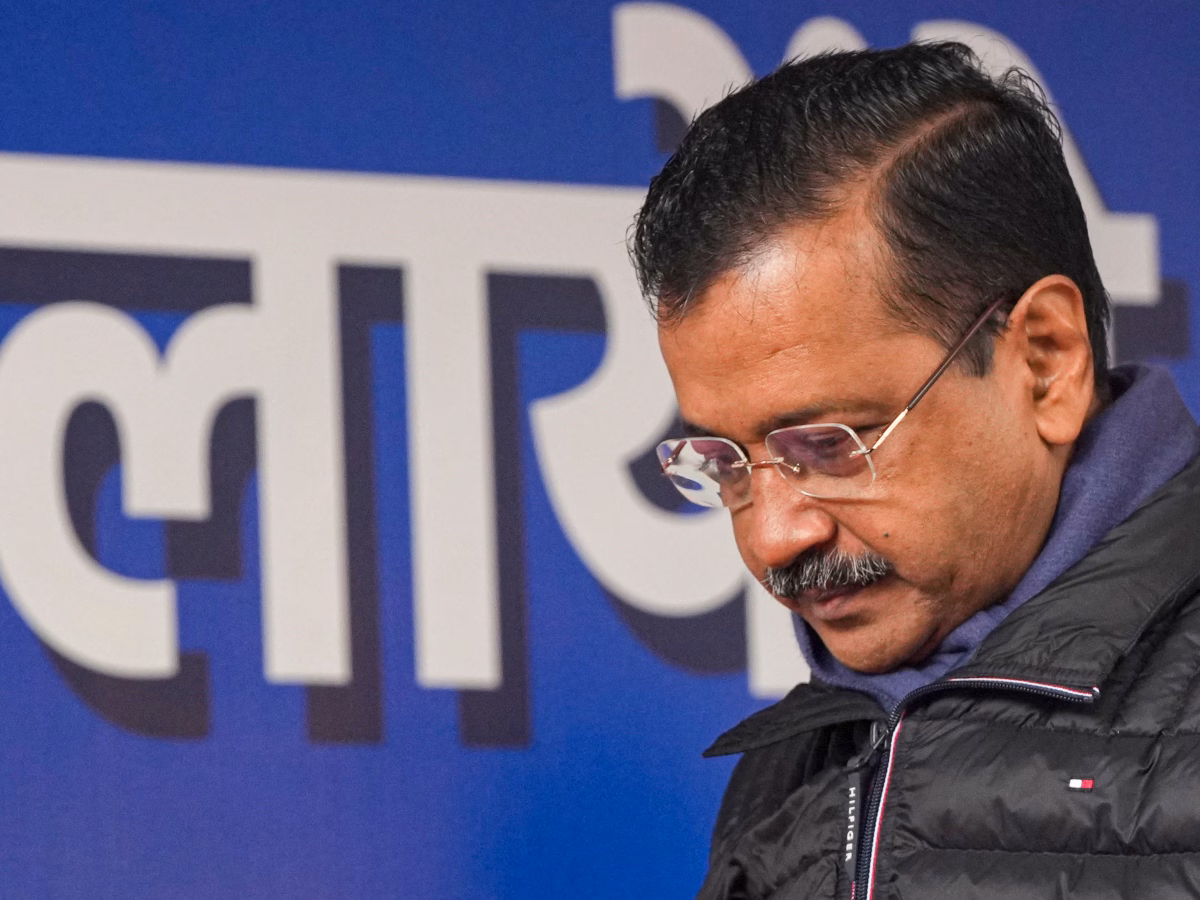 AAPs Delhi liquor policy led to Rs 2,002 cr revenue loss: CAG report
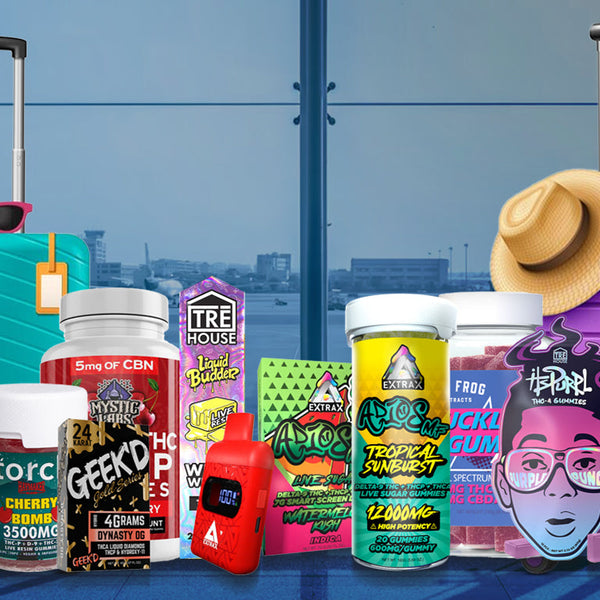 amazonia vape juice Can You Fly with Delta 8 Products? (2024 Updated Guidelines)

::::

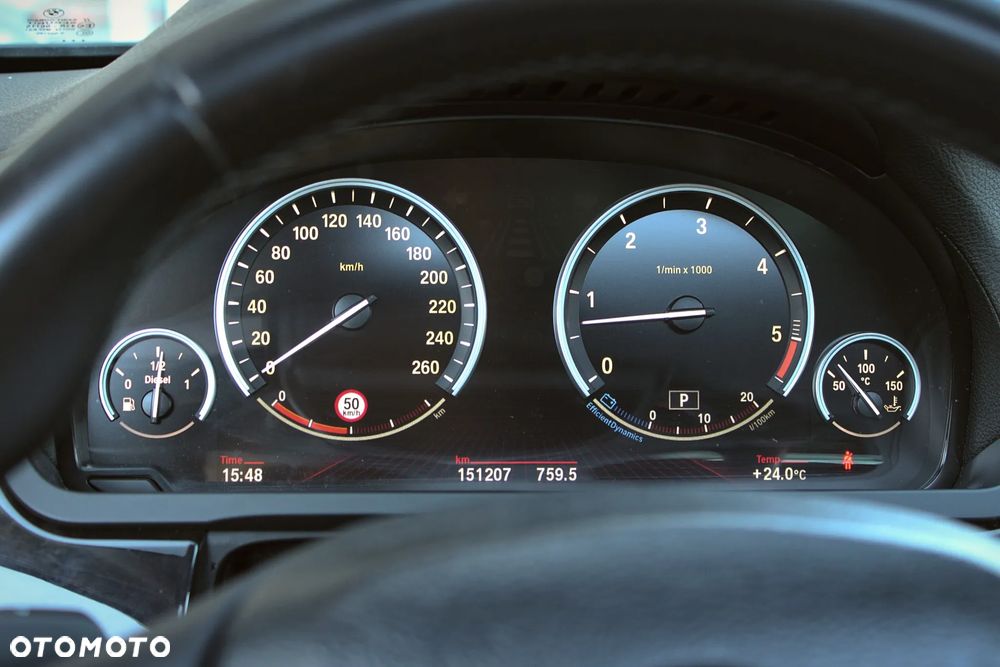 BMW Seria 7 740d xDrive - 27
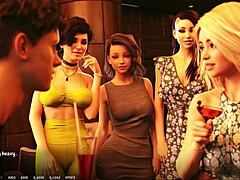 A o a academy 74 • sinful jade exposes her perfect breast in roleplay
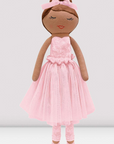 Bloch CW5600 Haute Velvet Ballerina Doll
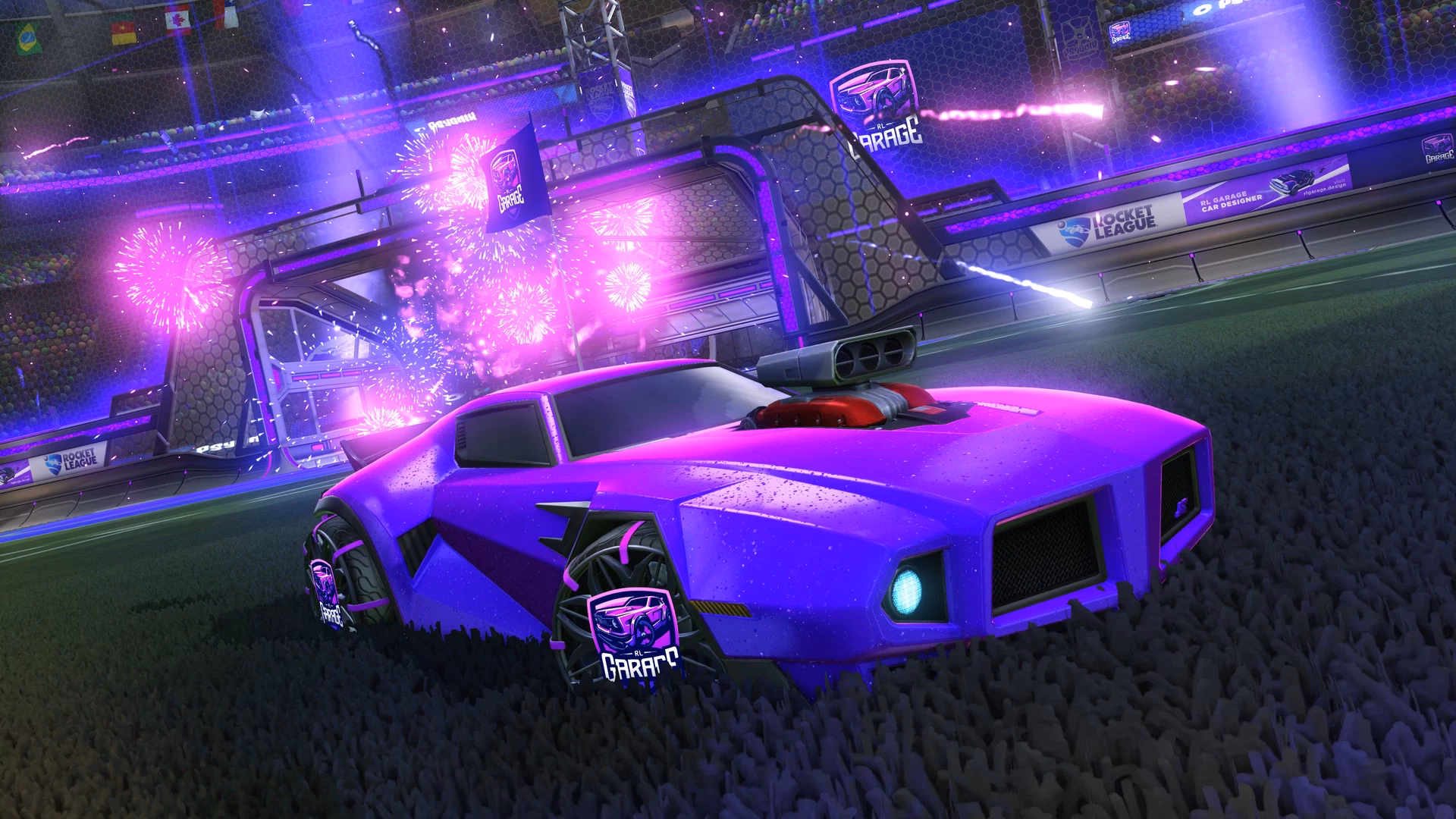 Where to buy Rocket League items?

::::

* [Task item] Start at the line above containing "Bloch CW5600 Haute Velvet Ballerina Doll" and stop at the line containing "Where to buy Rocket League items?": print those lines and everything between them exactly, but not the pictures.

* [Answer box]
 Bloch CW5600 Haute Velvet Ballerina Doll
 Where to buy Rocket League items?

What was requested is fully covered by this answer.